*** DATA EXTRACT Section Begins ***

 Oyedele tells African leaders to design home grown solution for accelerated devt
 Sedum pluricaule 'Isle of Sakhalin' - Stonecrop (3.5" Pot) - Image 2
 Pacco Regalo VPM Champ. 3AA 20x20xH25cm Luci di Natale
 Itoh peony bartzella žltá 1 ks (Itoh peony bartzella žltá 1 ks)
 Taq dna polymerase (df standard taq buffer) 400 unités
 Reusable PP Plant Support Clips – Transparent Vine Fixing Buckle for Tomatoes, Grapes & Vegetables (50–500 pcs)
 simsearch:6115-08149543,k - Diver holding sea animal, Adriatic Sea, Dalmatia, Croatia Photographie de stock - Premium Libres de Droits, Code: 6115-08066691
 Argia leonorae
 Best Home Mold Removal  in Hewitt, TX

*** DATA EXTRACT Section Ends ***

- **EXERCISE**:
Please copy the lines in the records above between the one holding "Sedum pluricaule 'Isle" and the one holding "Taq dna polymerase", inclusive, exactly and with no other line.

- **ANSWER TO THIS EXERCISE**:
 Sedum pluricaule 'Isle of Sakhalin' - Stonecrop (3.5" Pot) - Image 2
 Pacco Regalo VPM Champ. 3AA 20x20xH25cm Luci di Natale
 Itoh peony bartzella žltá 1 ks (Itoh peony bartzella žltá 1 ks)
 Taq dna polymerase (df standard taq buffer) 400 unités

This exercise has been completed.